For photoreal or heavily-sculpted organic surfacing, the native workflow is to build the parametric, watertight blockout and printable solids in kernelCAD, then export for downstream subdivision / organic surfacing in a DCC tool. This is the intended interop handoff: kernelCAD owns the parametric, dimensioned, manufacturable body; the DCC tool owns final continuous sculpting.

# BREP handoff — named bodies + per-part colors preserved
kernelcad export step body.kcad.ts -o body.step
# Mesh handoff — triangulated, PBR materials + axis convention preserved
kernelcad export glb body.kcad.ts -o body.glb

Confirmed real export targets (the unified export tool / kernelcad export CLI, format-enum dispatched): STEP (one named body per part, colors preserved), GLB (MeshPhysicalMaterial PBR + KHR_materials_* extensions, Z-up→Y-up axis option), STL (binary, watertight-verified), 3MF (watertight-gated, print units), plus DXF, SVG-drawing, URDF, SRDF, SDF-Gazebo.
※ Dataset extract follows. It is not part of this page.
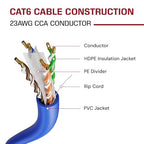 Dripstone CAT6 Ethernet Cable 1000ft Bulk Network LAN Wire 23AWG Solid CCA UTP 550MHz High-Speed Internet Cable Streaming, Office, Home Use, Pull Box, CAT 6 Bulk, Stable Connectivity - Dark Blue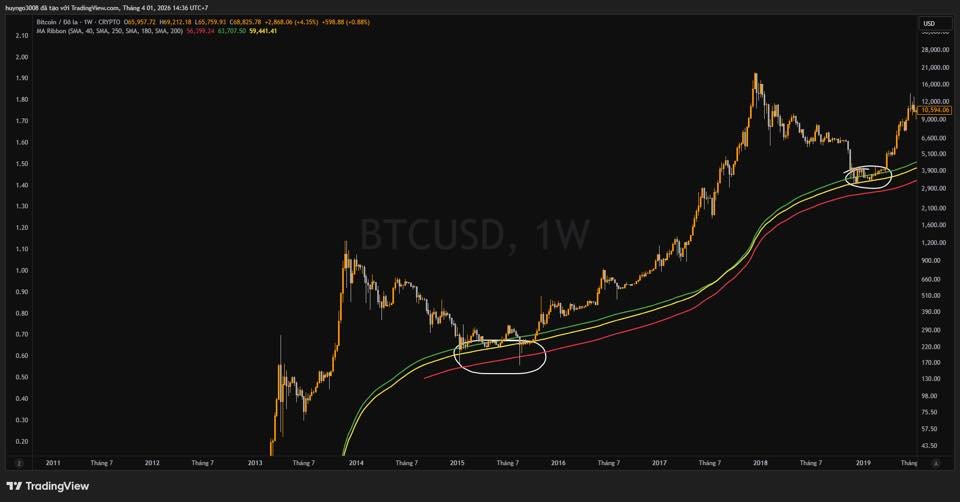 Huy Drift tweet media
For organic-surfacing handoff prefer STEP (carries true BREP for a NURBS-capable DCC) or GLB (carries mesh + materials for a subdivision / sculpting tool).

Related skills

kernelcad-authoring — primitives + sketches still cover most shapes; reach for NURBS only when the freeform contour can't be expressed.
kernelcad-features — .thicken(t) returns a Shape that participates in all standard booleans and face/edge features.
kernelcad-from-reference — when matching a domed/curved real object (lens, dial, dome); kernelcad-trace-from-image sub-skill drives the reference-trace pipeline above.